Existen dos medios de refugio de las miserias de la vida: la música y los gatos.
Albert Schweitzer
Hace unas semanas leía un artículo de Pilar Rahola en el que
hablaba de la muerte de su perro. Por aquellos días Dalhman que, contrariamente
a lo que muchos hayan podido creer no era un gato sino una preciosa gata común
europea, se movía por la cuerda floja de una vida que había empezado a apagarse
semanas antes. Entonces pensé que casi todos estamos sujetos al mismo tipo de
emociones, al mismo tipo de desventuras. Este domingo para Dalhman fue su último
domingo. Estirar la vida a veces puede ser una crueldad absoluta y, en este
caso, arrancar un día más, unas horas más, no era más que desequilibrar la
balanza del platillo del “un poco más, por favor” para mí que no para ella.
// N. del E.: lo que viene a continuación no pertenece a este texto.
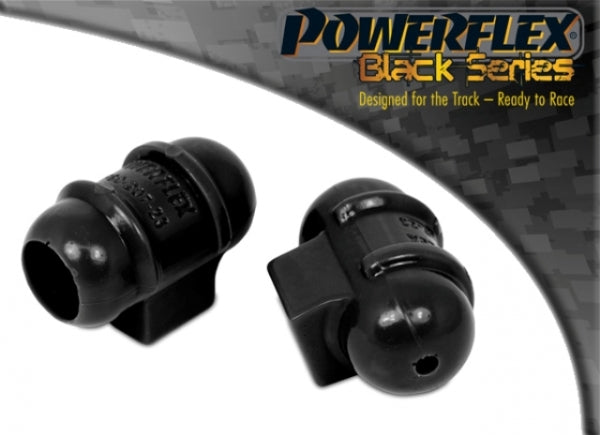 POWERFLEX BLACK SERIES - CLIO II INC 172 & 182 (1998-2012) FRONT ANTI ROLL BAR OUTER MOUNT 23MM - Car Enhancements UK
Diecisiete años son muchos años para un gato. Apareció entre los arbustos de unas viviendas del extrarradio de Barcelona y llegó a
casa siendo una bolsita de piel y huesos que apenas había empezado a
caminar. Desde entonces ha llovido mucho, para ella y para mí. Las últimas
semanas apenas se movía, un único recorrido, más que repetido, entre el patio y
la cabecera de una cama a la que ya había que subirla porque las fuerzas no le
daban para más. Hoy la tristeza es mucha y el vacío se expande por la casa.
Sé que para muchos parecerá una frivolidad que la muerte de
un animal nos conmocione tanto, pero para quienes convivimos con ellos sabemos
que forman parte de nuestra vida, sabemos de su compañía, de su lealtad, de su
estima y del vacío tremendo que provoca su desaparición. Ahora, después de una
vida de gato de casa buena (aunque la casa no fuera tan buena como a ella le pudiera
parecer), espero que la nada en la que ahora ya dormita la acune para siempre, aunque a mí me falte algo, no solo por entre los pies, mientras tecleo esta pequeña nota.